Tethys crowed her delight, the unpleasant sound clawing through the depths of her undersea world. With the speed of a darting fish she thrust upward towards the surface, her glee trailing behind in a stream of air bubbles.

~ I have come for my payment. For the gift you promised! ~

~ As is your right. I am of the Craft, I honour a promise made. ~

The intense cold shocked Jesamiah into awareness, his fuddled mind snapping to attention as he plunged down through the water. He was bare-foot, wore only a loose shirt and breeches, apart from the shrilling pain had nothing to impede his arms and legs. The coldness of the Atlantic rapidly numbed all feeling, although his mind registered he was going to hurt like hell once he got out of this. Salt water seeping into open wounds would be unbearable. Kicking out, he swam upward thankful that unlike many a seaman he could swim. Saw Tiola face down, her gown spread around her as if they were the skirts of a jellyfish. Her arm, somehow, caught on the encrusted barnacles of Phillipe’s ship.

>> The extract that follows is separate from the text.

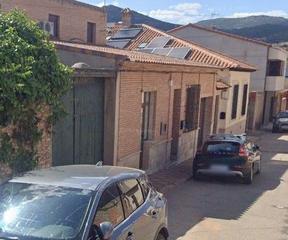 Reihenhaus in Villarrubia de los Ojos. Se vende inmueble alquilado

And he knew, knew before he reached her that she was dead.

Three minutes? Four? He was in the water no longer. Sailors knew the dangers, were quick to re-act. Seeing Jesamiah come up nearer to the
Sea Witch
’s bow than the schooner’s, the crew had boat hooks out. Rue and Isiah Roberts leapt from one ship to the other to haul Jesamiah aboard as he clung, one handed, to a tossed line, his other arm, aching from the damage Phillipe had inflicted, locked tight around Tiola’s limp waist, holding her close. Telling himself it would be better to leave her for she would only have to be put back, knowing he could not. The struggle to free her had taken the last of his strength.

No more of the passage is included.